> Your assignment
In the material below, find the line with "アナゴ生開き【冷凍】原体が4"; set down that line and every line after it to the end, exactly, without pictures.

> Stored data
[Start of Attachment]

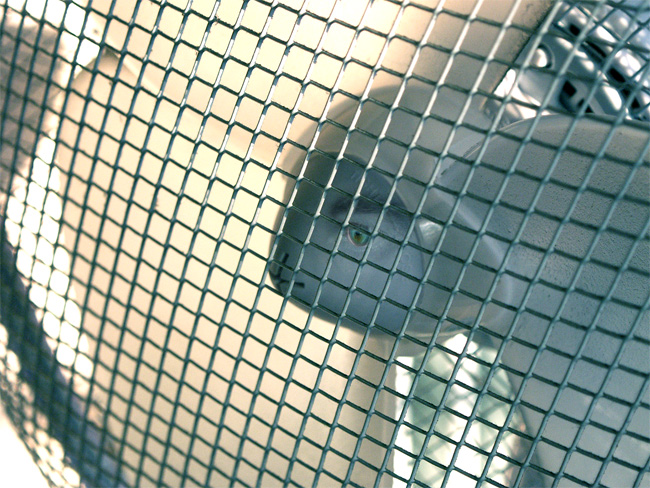 Photoshop-Design von resquin für DesignCrowd (Community Contests) | Design #9030484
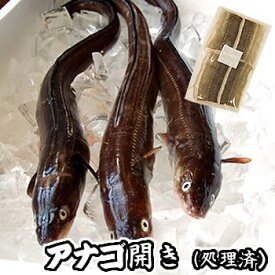 アナゴ生開き【冷凍】原体が45-50cm前後の穴子です。【浜坂産】とれたてを開いて冷凍してます！（あなご）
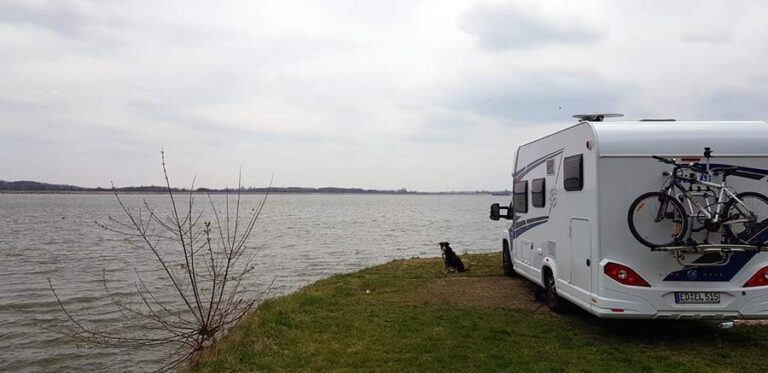 Ein Camper steht an einem See in Polen, die Hündin Nala sitzt daneben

[End of Attachment]

> Answer space
 アナゴ生開き【冷凍】原体が45-50cm前後の穴子です。【浜坂産】とれたてを開いて冷凍してます！（あなご）
 Ein Camper steht an einem See in Polen, die Hündin Nala sitzt daneben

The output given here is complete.